A I think we’re dealing here with can we accept it at 4:16 and that the offer came at 4:16 was signed.
Q Okay. Now, listen to me real careful and I'm not trying to argue with you. The unsigned one, that was not acceptable because that wasn't signed, correct?
A We cannot accept an unsigned offer.
Q So we've got to throw that one out. So now we're looking at the 4:16 one which was signed, correct?
A That’s correct.

Transcript, at 151-52.

. Take, for example, the disparate application of FAR 14.405. Although the contracting officer had previously deemed the lack of certifications and representations as a defect with regard to the initial BAFO of the intervenor, in the case of the anticipated awardee, the contracting officer deemed the subsequent submission of certifications and representations as a minor irregularity. A single example of many, the contracting officer repeatedly applied disparate standards for the review of these offers, almost always to the favor of One Airport Plaza.

. The first factor for issuance of a stay pending appeal requires a “strong" likelihood of success on the merits on appeal. Isratex, Inc. v. United States, 25 Cl.Ct. 223, 227 (1992); Logicon, Inc. v. United States, 22 Cl.Ct. 776, 783 (1991); Quality Transport Servs., Inc. v. United States, 12 Cl.Ct. 276, 281 (1987); Olympia USA, Inc. v. United States, 6 Cl.Ct. 550, 557 (1984); DLM & A v. United States, 6 Cl.Ct. 329, 331 (1984). Yet, if the movant for the stay demonstrates sufficient harm, a court need not find “strong” likelihood but only a likelihood of success on the merits. Standard Havens Prods., Inc. v. Gencor Indus., Inc., 897 F.2d 511, 512-13 (Fed.Cir.1990). Here, the plaintiff presents no evidence of sufficient harm to avoid the more onerous burden for the first factor. Yet, even assuming such, the plaintiff also presents no likelihood of success on the merits.

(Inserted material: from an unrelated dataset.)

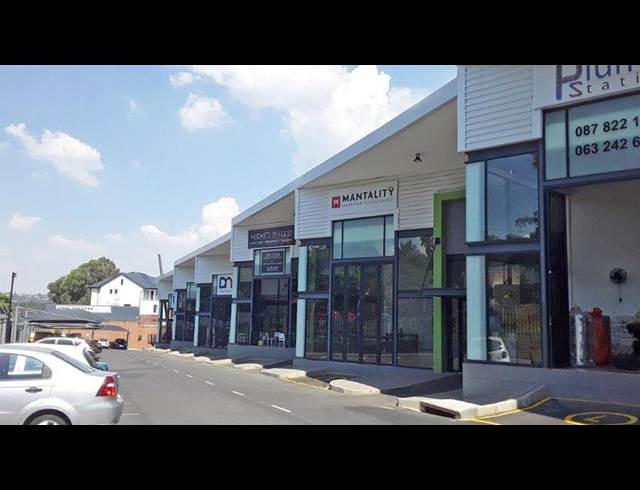 359M² OFFICE TO LET IN OLIVEDALE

. The plaintiff not only seeks appeal on the Anti-Deficiency Act issue but recites the absence of “a definitive ruling on the possible violation of the Anti-Deficiency Act * * Plaintiff's Memorandum of Points and Authorities in Support of Motion for Order Granting Injunction During Pendency of Appeal, at 4. This Court quite definitively ruled on that very matter, however. On page 362 of the Court’s February 9, 1994, decision, this Court recited the plaintiff’s ADA argument and found the plaintiff's position unpersuasive. Specifically, this Court ruled that the Government recited authority for the contracting officer’s actions regarding the consideration of termination costs under the terms of the SFO and in conformity with the requirements of the ADA.

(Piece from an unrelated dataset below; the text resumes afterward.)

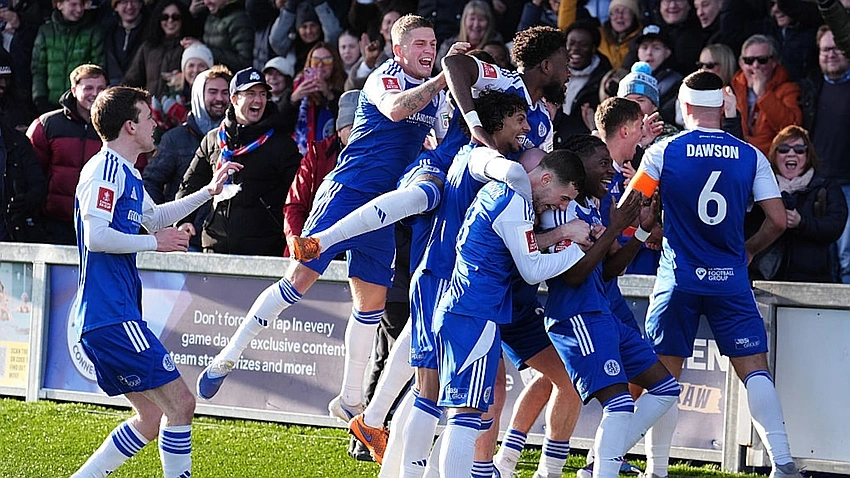 Emotional Macclesfield stun Palace in FA Cup upset after striker's death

. It is perhaps fitting to remind the defendant of its obligation to apprise a judicial tribunal of case law both supportive and detrimental of a position proffered for consideration (or in this case, reconsideration). In apparent recognition of this obligation, the defendant submitted a copy of the recent decision in GBA Assocs. v. United States, No. 93-1442-A (E.D.Va. February 23, 1994). Therein, the United States District Court for the Eastern District of Virginia also considered a challenge to the validity of GSAR 552.-270-3(a). Yet, different from this Court, the district court in GBA Assocs. found the application of GSAR 552.270-3(a) within the discretion of the agency to interpret its own regulations. The defendant thus proffers this case as additional grounds for this Court to reconsider its finding regarding the validity of the GSAR provision. Notably, however, the district court made no determination of the GSAR provision in regard to any conflict with the CICA, deviation from the FAR, or violation of the implied obligation of the Government to consider all bids and proposals fairly and honestly. In the absence of such analysis, this Court finds GBA Assocs. unpersuasive.